Josette and Lena went to see a marionette show (very popular with Parisian kids) while I went to the Cluny Museum.
The Cluny Museum houses Paris’s most famous collection of medieval art, including jewelry, tapestries and sculptures…it’s located in a former (town house) that was built in the 1385.
After dinner, we took a nighttime cruise down the Seine River. It was hard to photograph things at night…but I got a few shots. Not to sound cheesy, but it was pretty magical.
4 thoughts on “Sunny Saturday In Paris”
Love all the pictures..but especially the night time photos.. breath taking…thanks so much for all the history/fantastic stories!! Safe travels home!!
I hope my history lessons aren’t too boring. We leave Wednesday afternoon!
The glass door is incredible! I could stand and look at it for hours! WOW!

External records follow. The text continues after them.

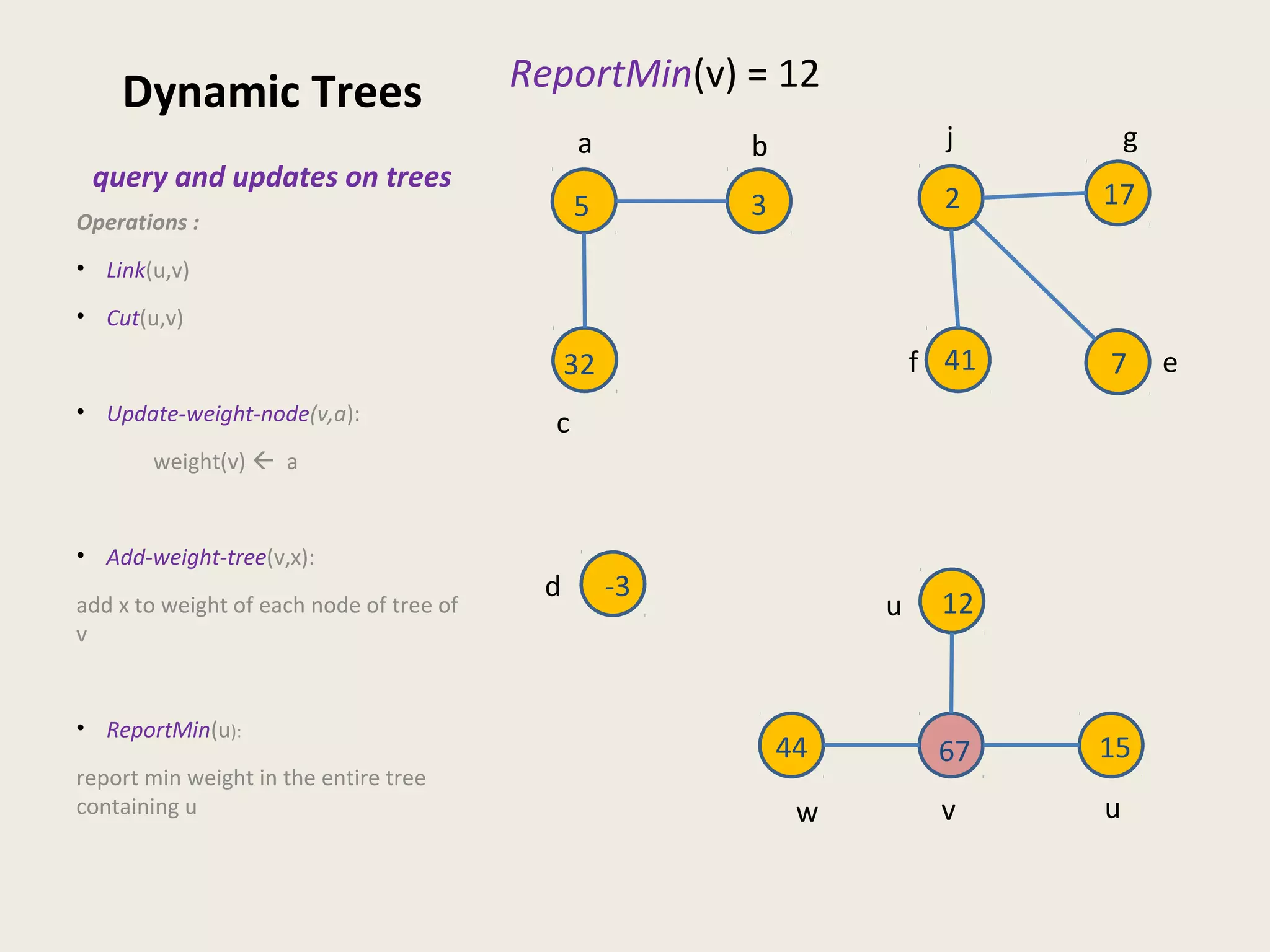 Dynamic Trees
query and updates on trees
ReportMin(v) = 12
Operations :
• Link(u,v)
• Cut(u,v)
• Update-weight-node(v,a):
weight(v)  a
• Add-weight-tree(v,x):
add x to weight of each node of tree of
v
• ReportMin(u):
report min weight in the entire tree
containing u
a
u
c
g
ef
j
d
b
w v u
5
12
-3
741
172
32
3
44 67 15
 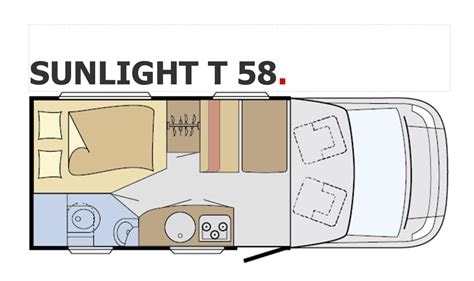 SUNLIGHT Capron Sunlight T58 im Abarth-Style-image-3
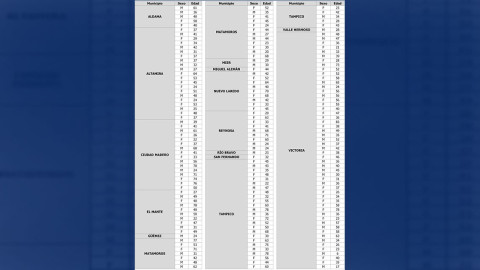 SST confirma 160 casos de COVID-19, llama a evitar salidas innecesarias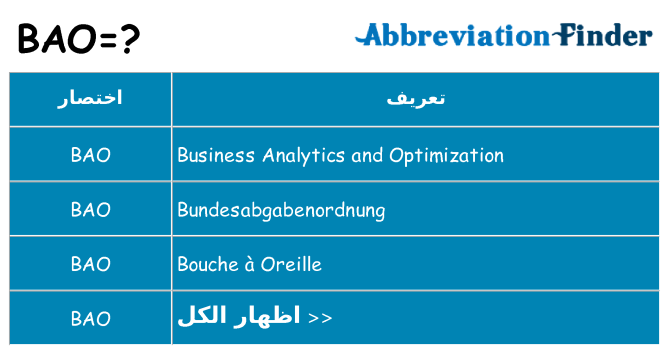 ماذا عن موقف % s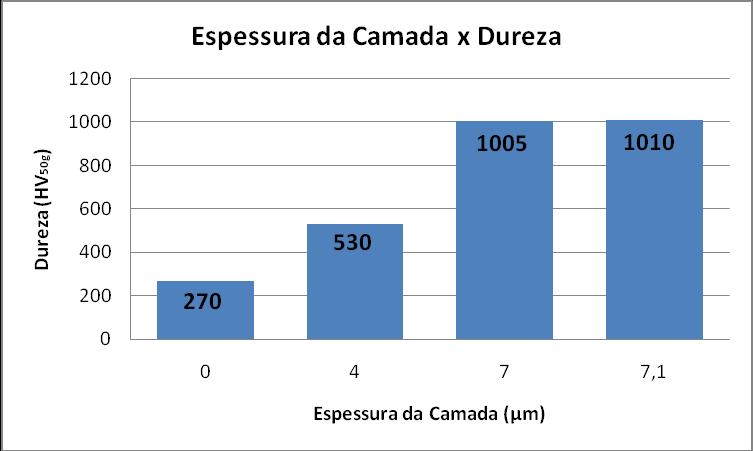 46 Tabela 4.3 Dureza superficial das amostras com diferentes cargas de ensaio.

I like the door on the apartment building as well. There is so much to look at on one door.
The marionette show looked fun, it would be hard to choose between that and the medieval building (I am not being sarcastic).
The cruise…..FABULOUS! Was the sky really pink in the one picture or did you enhance that?
The city is even more beautiful at night.
You really had a great day.
The sky was blue and pink but yes, because it was so dark I needed to enhance a bit. Paris is unlike any city I’ve ever seen at night…they illuminate differently than we do.